Prevalence of hypertension according to the 2017 ACC/AHA and the JNC8 guidelines. ACC/AHA, American College of Cardiology/American Heart Association; JNC8, Eighth Report of the Joint National Committee on Prevention, Detection, Evaluation, and Treatment of High Blood Pressure.

After standardization according to the national population, there were 226 million and 486 million adults with hypertension in India according to the JNC8 and the 2017 ACC/AHA guidelines, respectively- an increase of about 260 million. Total prevalence was 66.7% (AHA/ACC 2017) and 30.7% (JNC 8), standardized for WHO Standard Population (2000–2025).

Prevalence of hypertension among each age group was higher in men as compared to women, except in those >65 years, where almost equal prevalence was found. With the new cut-offs, only 28.6% of participants were found to have normal BP (22.6% and 40.8% of men and women, respectively) (Table 2).

Table 2.

Blood pressure categories according to 2017 ACC/AHA criteria among those not taking anti-hypertensive medications (n ​= ​157,121).

Normal (%)
<120/<80 ​mmHg
Elevated Blood Pressure (%)
120-129/<80 ​mmHg
Stage 1 (%)
130-139/80–89 ​mmHg
Stage 2 (%)
≥140/≥90 ​mmHg
Total 28.6 (28.4, 28.8) 9.4 (9.3, 9.5) 35.4 (35.2, 35.6) 26.6 (36.4, 26.8)
Men (n ​= ​104,983) 22.6 (22.4, 22.9) 9.9 (9.7, 10.1) 37.0 (36.7, 37.3) 30.5 (30.2, 30.8)
Women (n ​= ​52,138) 40.8 (40.4, 41.2) 8.3 (8.1, 8.5) 32.0 (31.6, 32.4) 18.8 (18.5, 19.1)
Age group (years)
18-19 (n ​= ​8,851) 45.0 (43.4, 46.0) 13.5 (12.8, 14.2) 29.4 (28.5, 30.4) 12.1 (11.4, 12.8)
20-44 (n ​= ​95,204) 32.6 (32.3, 32.9) 9.9 (9.7, 10.1) 36.6 (36.3, 36.9) 21.0 (20.7, 21.3)
45-54 (n ​= ​28,916) 20.8 (20.3, 21.3) 7.7 (7.4, 8.0) 36.0 (35.5, 36.6) 35.5 (35.0, 36.1)
55-64 (n ​= ​16,127) 16.7 (16.1, 17.3) 8.0 (7.6, 8.4) 32.7 (32.0, 33.4) 42.6 (41.8, 43.4)
65-74 (n ​= ​6,239) 15.2 (14.3, 16.1) 8.4 (7.7, 9.1) 30.9 (29.8, 32.1) 45.5 (44.3, 46.7)
≥75 (n ​= ​17,84) 17.2 (15.5, 19.0) 8.6 (7.3, 9.9) 29.3 (27.2, 31.4) 44.8 (42.5, 47.1)

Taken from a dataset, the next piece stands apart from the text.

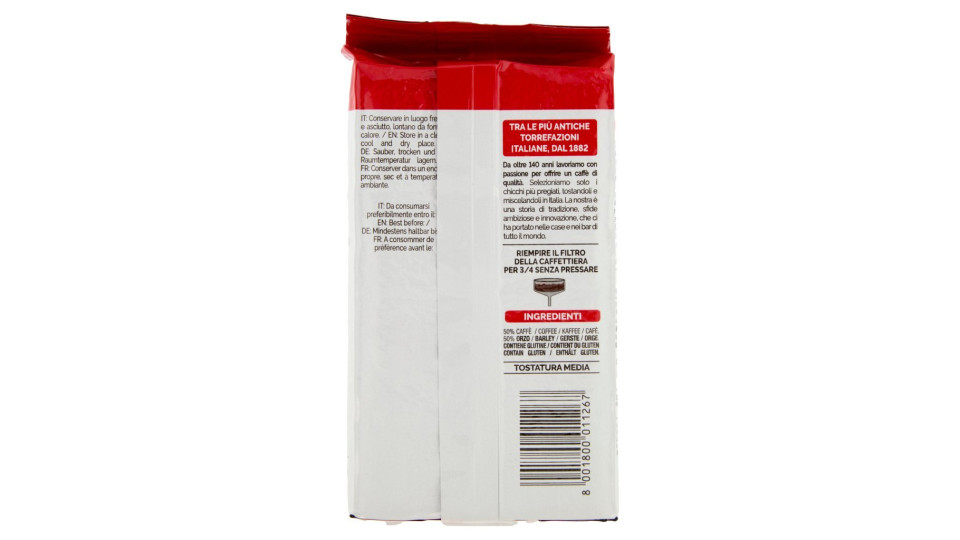 Caffè Vergnano Natura100% Caffè E Orzo Macinatura Moka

There was a higher overall prevalence of self-reported diabetes mellitus, current smoking, and smokeless tobacco in men vs. women (all p ​< ​0.001) (Table 3). Self-reported dyslipidemia was more common in women (8.2% vs. 7.0% for women and men, respectively, p ​< ​0.001) (Table 3). There was a differential association of self-reported risk factors with the risk of hypertension across gender such that age, diabetes mellitus, and smoking were associated with a higher odd of hypertension among women vs. men (Table 3). The self-reported risk factors and association with hypertension across age categories in men and women are given in Supplement Table 2.

Table 3.

Prevalence and association of self-reported risk factors with hypertension as per 2017 ACC/AHA guidelines in men and women.

Men (n ​= ​120,425) Odds Ratio (95% CI) Women (n ​= ​59,910) Odds Ratio (95% CI)
Age (years) 39 (27, 50) 1.03 (1.03, 1.03) 40 (29, 52) 1.05 (1.05, 1.05)
Diabetes Mellitus 12,432 (10.3%) 1.77 (1.67, 1.88) 5,763 (9.6%) 2.07 (1.91, 2.25)
Dyslipidemia 8,370 (7.0%) 2.17 (2.02, 2.34) 4,923 (8.2%) 1.78 (1.64, 1.94)
Current Smoking 15,193 (12.6%) 1.09 (1.04, 1.13) 427 (0.7%) 1.72 (1.36, 2.18)
Smokeless Tobacco 12,396 (10.3%) 0.97 (0.93, 1.01) 1213 (2.0%) 0.87 (0.77, 0.99)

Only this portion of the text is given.